Going Places aka Les Valseuses (The Testicles) is one of Kino’s latest offerings in the realm of classic films, this being a classice French film in the sense of it being one of the highest grossing films of 1974, and the film that propelled Gerard Depardieu to stardom. I am a lover of all things French and it was a no brainer tackling this Blu-ray for review. I love French cinema, so we will see if Going Places stands up to scrutiny. You know, this is a thirty seven year old film, so it may suck, right? Sorry, that was me being sarcastic for those that don’t like “old” films. With that little jab out of the way let’s see how it goes with Going Places on Blu-ray. Entrez! 

 

Film 

Going Places is a 1974 French film that was released as Les Valseuses which is a vulgar way of saying testicles. Jean-Claude (Gerard Depardieu) and Pierrot (Patrick Dewaere) are best friends, misfits, and overall scumbags. They spend their days causing trouble with no regard for anything or anyone. They grope women, steal cars, get into fights, and have random sexual escapades with random women – at times taking turns having sex with the same woman. Yes, that was redundant on purpose.

Early on during one of their capers they come across the beautiful Marie-Ange (Miou-Miou) and she joins them for a brief time as their “third wheel.” She, of course, has issues of her own to get through. She cannot achieve an orgasm with either of them. Yes, the guys give it their all, but to no avail. They later ditch her and set sail for nowhere in particular meeting interesting people along their journey.

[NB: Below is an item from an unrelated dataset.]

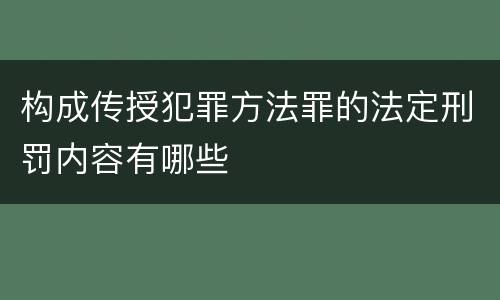 构成传授犯罪方法罪的法定刑罚内容有哪些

The strange and ironic thing about Going Places is that it’s one of these films that portray the protagonists as the bad guys and we, as the audience, have to hang with them until they either find redemption or get killed while trying to find redemption. It’s a slippery slope, because I rarely like those type of movies with that particular device. Now the reason why I enjoyed Going Places was due to the heavyweight acting by everyone involved. Gerard Depardieu and Patrick Dewaere rock and it was entertaining to watch them get into all sorts of adventures. Adventures meaning trouble.

Going Places also has a great sense of self aware comedic timing. Moments of quiet stillness are often interrupted by moments of complete chaos. Jean-Claude and Pierrot will be walking along on an empty road, see a couple of guys riding some bikes and then the film cuts to the boys riding the bikes that they were previously admiring while the owners chase them down with large sticks. Stuff like this happens all throughout the film and it was a breath of fresh air, because there are lots of heavy duty metaphors sprinkled throughout the film. The comedic timing helped in offsetting that.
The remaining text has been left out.